→ **RECORDS SHOWN**:
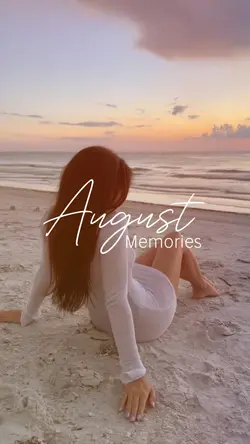 August memories
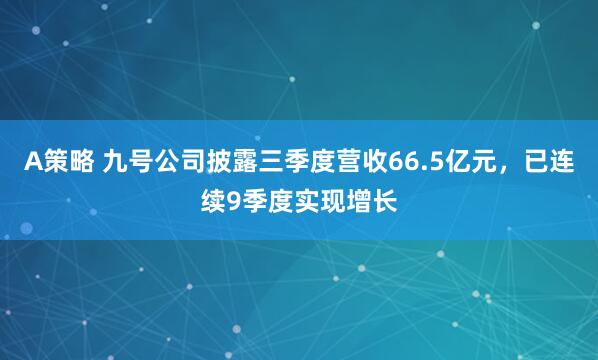 A策略 九号公司披露三季度营收66.5亿元，已连续9季度实现增长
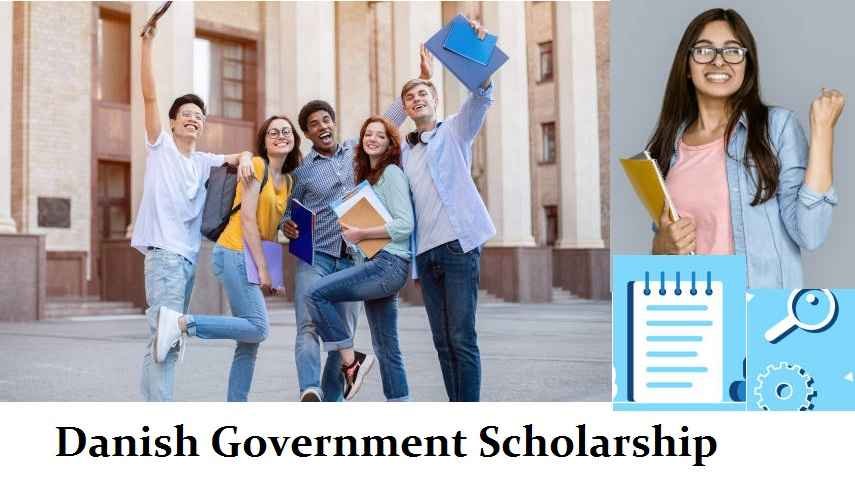 Danish Government Scholarship 2023: Apply Online, Eligibility & All Details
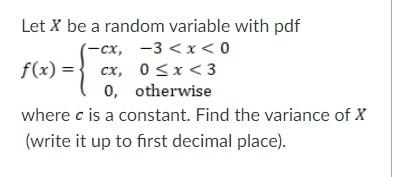 Solved 16{ Let X be a random variable with pdf (-cx, -3 | Chegg.com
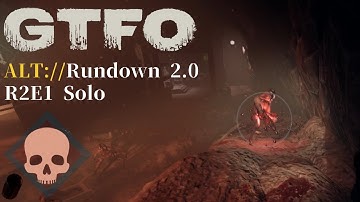 GTFO ALT://R2E1 Solo "Crib"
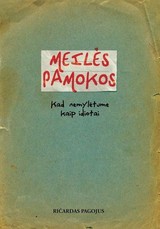 Meilės pamokos. Kad nemylėtume kaip idiotai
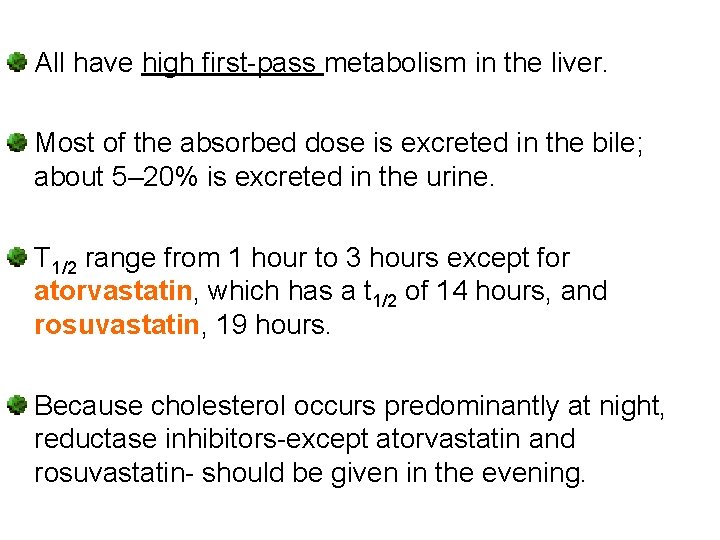 All have high first-pass metabolism in the liver. Most of the absorbed dose is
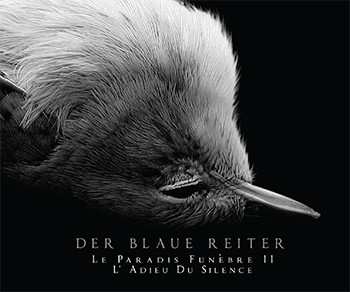 Album Der Blaue Reiter: Le Paradis Funèbre II: L' Adieu Du Silence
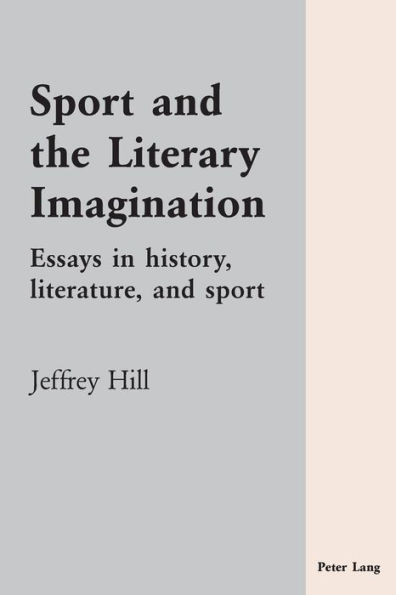 Sport and the Literary Imagination: Essays in history, literature, and sport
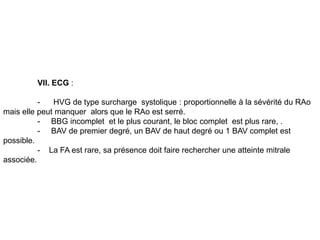 VII. ECG :

          -   HVG de type surcharge systolique : proportionnelle à la sévérité du RAo
mais elle peut manquer alors que le RAo est serré.
          - BBG incomplet et le plus courant, le bloc complet est plus rare, .
          - BAV de premier degré, un BAV de haut degré ou 1 BAV complet est
possible.
          - La FA est rare, sa présence doit faire rechercher une atteinte mitrale
associée.
 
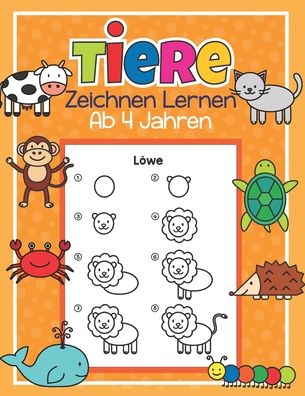 Cover for Kritzelkoenig · Tiere Zeichnen Lernen ab 4 Jahren (Paperback Book) (2020)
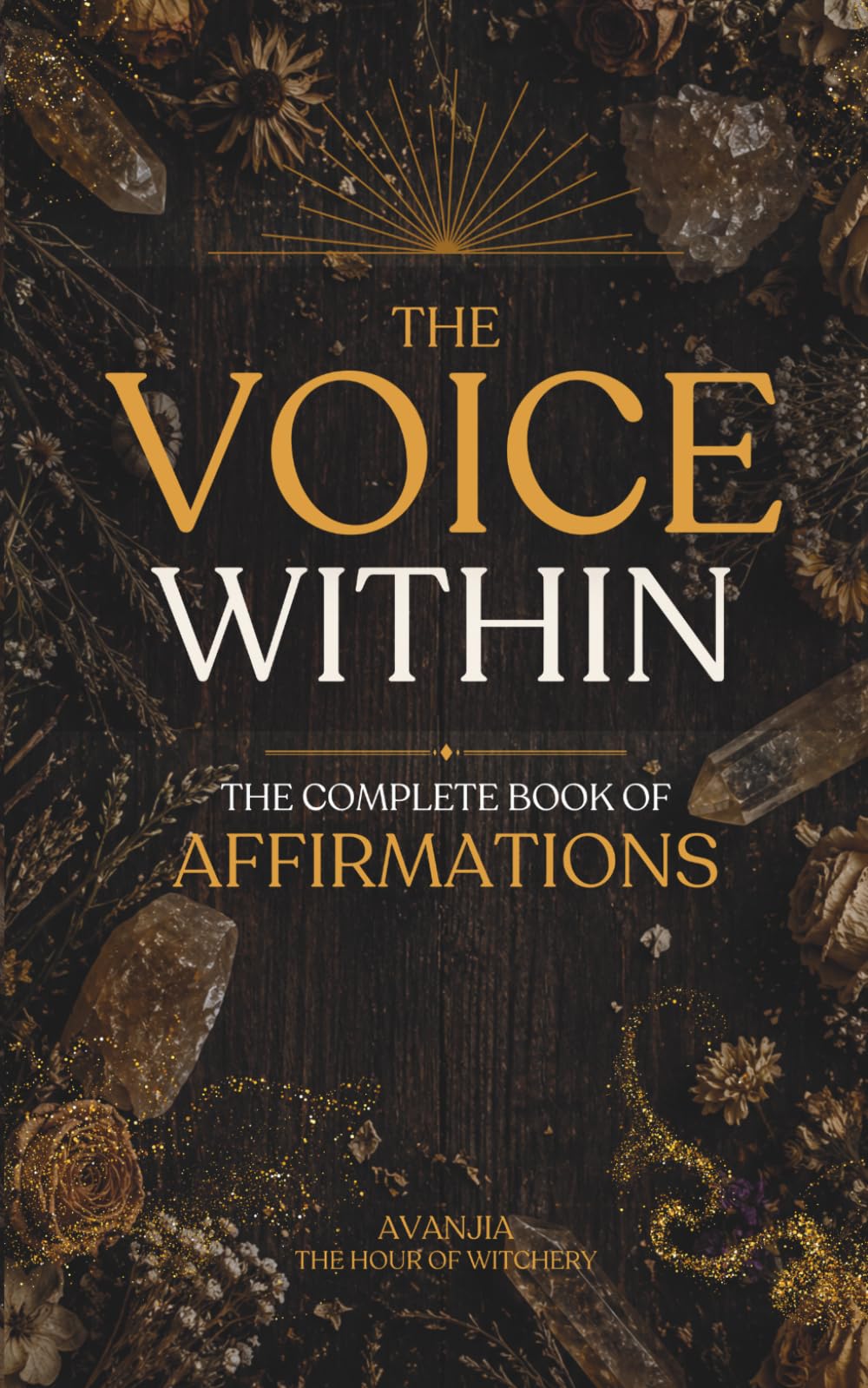 The Voice Within: The Complete Book of Affirmations for Self-Worth, Confidence, Healing, Discipline, Love and Personal Growth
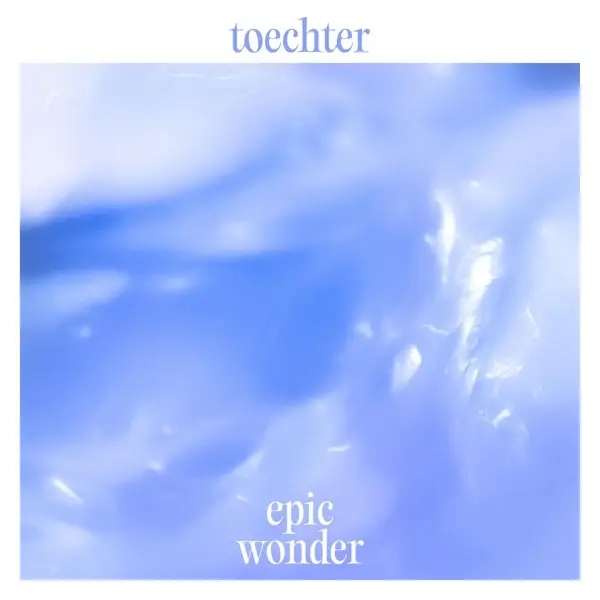 Album artwork for Epic Wonder by Toechter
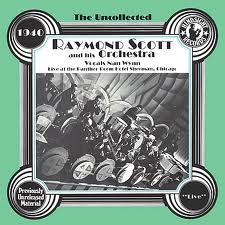 RAYMOND SCOTT - The Uncollected Raymond Scott cover 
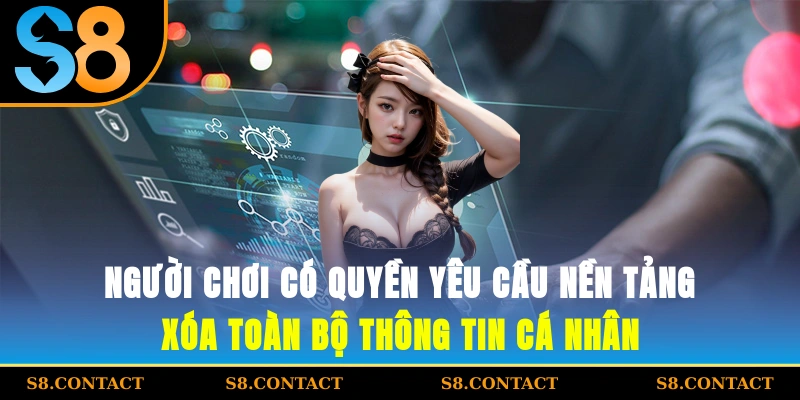 Người chơi có quyền yêu cầu nền tảng xóa toàn bộ thông tin cá nhân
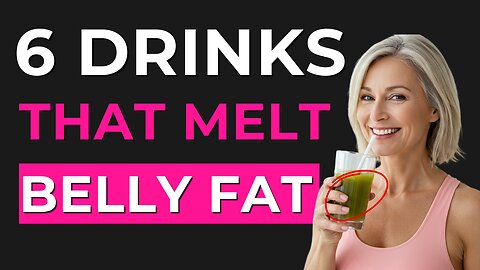 6 Powerful Drinks to Melt Belly Fat After 40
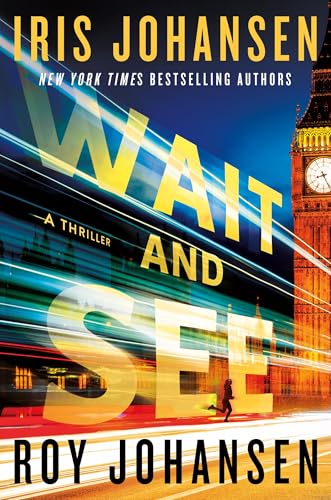 Wait and See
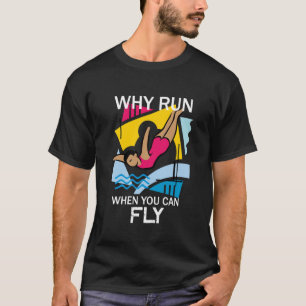 Why Run When You Can Fly Funny Butterfly Swimming T-Shirt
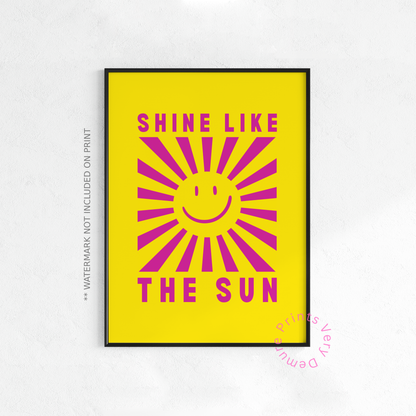 Shine Like the Sun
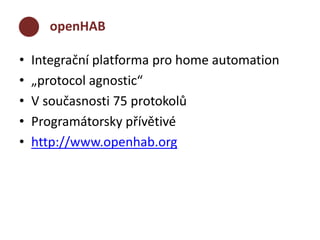 openHAB 
• Integrační platforma pro home automation 
• „protocol agnostic“ 
• V současnosti 75 protokolů 
• Programátorsky přívětivé 
• http://www.openhab.org 
 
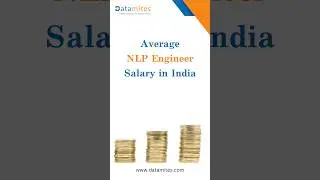 NLP Engineer Salary in India | #datamites #artificialintelligence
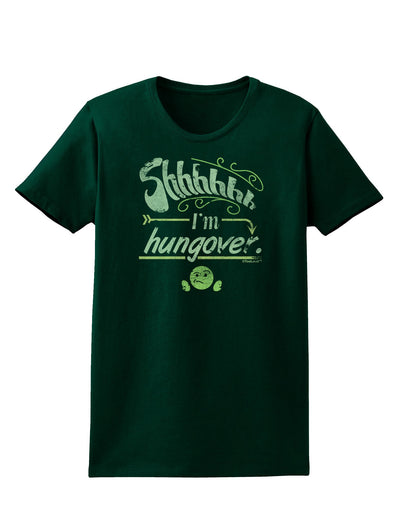 Shhh Im Hungover Funny Womens Dark T-Shirt-TooLoud-Forest-Green-Small-Davson Sales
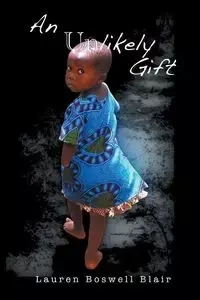 An Unlikely Gift - Blair Lauren Boswell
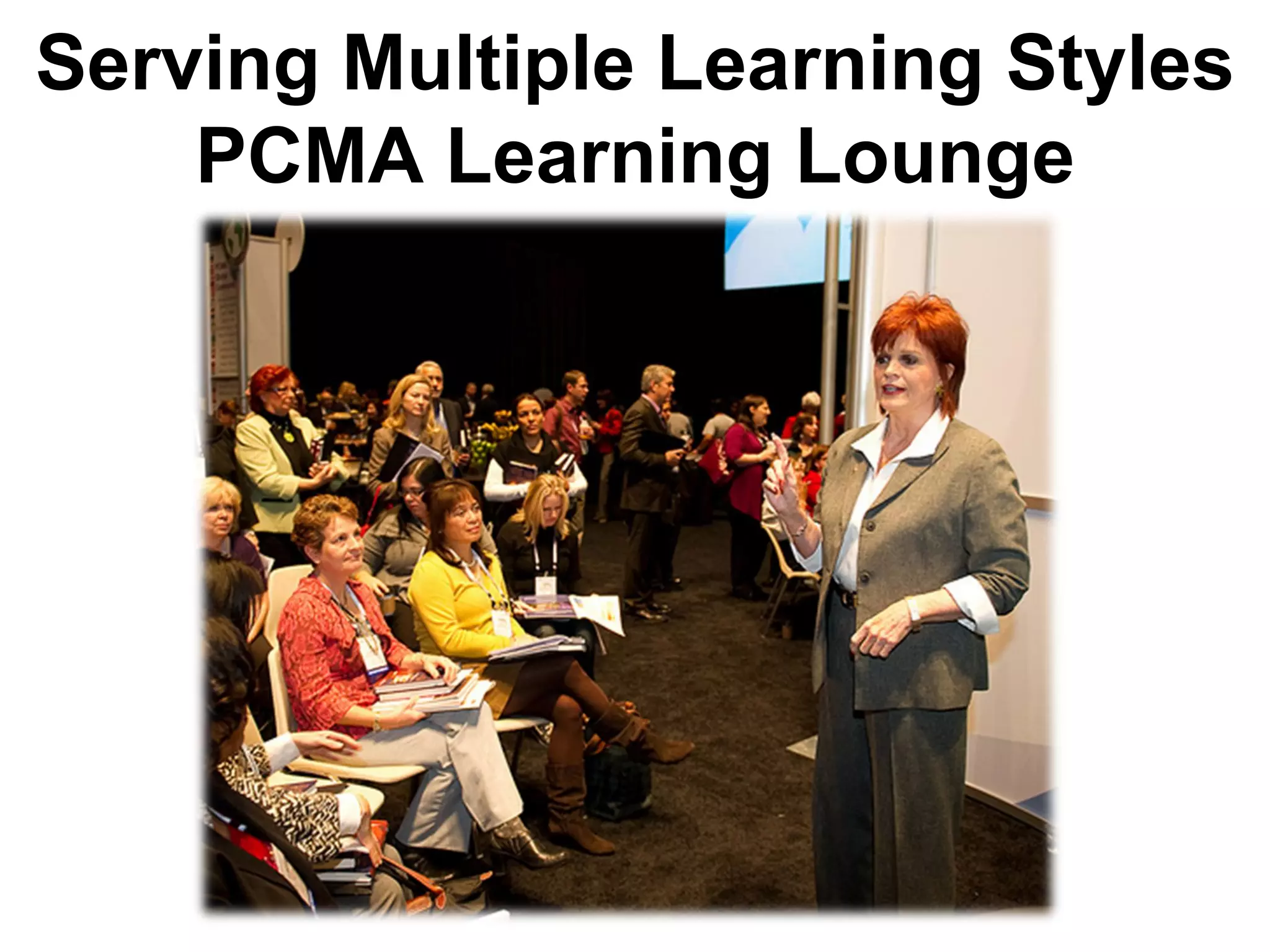 Serving Multiple Learning Styles
    PCMA Learning Lounge




             http://www.borev.net/imf.jpg
 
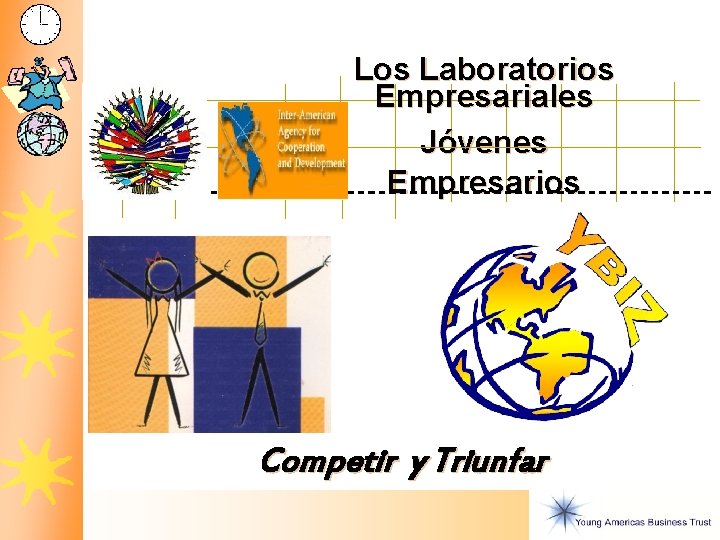 Laboratorios Empresariales Los Laboratorios Competir y Triunfar Empresariales Jóvenes Empresarios Competir y Triunfar 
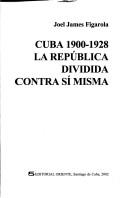 Cuba, 1900-1928 by Joel James Figarola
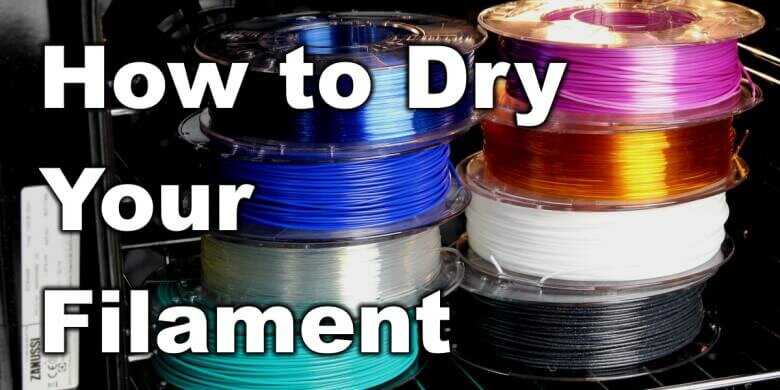 How To Dry Your Filament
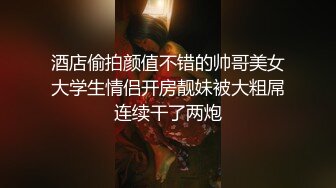 酒店偷拍颜值不错的帅哥美女大学生情侣开房靓妹被大粗屌连续干了两炮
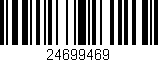 Código de barras (EAN, GTIN, SKU, ISBN): '24699469'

→ **TASK**: Everything from the line with "6 Powerful Drinks to Melt Belly Fat After 40" through the line with "Serving Multiple Learning Styles" in the material above should be transcribed exactly, except the pictures.

→ **FINAL ANSWER**:
 6 Powerful Drinks to Melt Belly Fat After 40
 Wait and See
 Why Run When You Can Fly Funny Butterfly Swimming T-Shirt
 Shine Like the Sun
 openHAB 
• Integrační platforma pro home automation 
• „protocol agnostic“ 
• V současnosti 75 protokolů 
• Programátorsky přívětivé 
• http://www.openhab.org 
 
 NLP Engineer Salary in India | #datamites #artificialintelligence
 Shhh Im Hungover Funny Womens Dark T-Shirt-TooLoud-Forest-Green-Small-Davson Sales
 An Unlikely Gift - Blair Lauren Boswell
 Serving Multiple Learning Styles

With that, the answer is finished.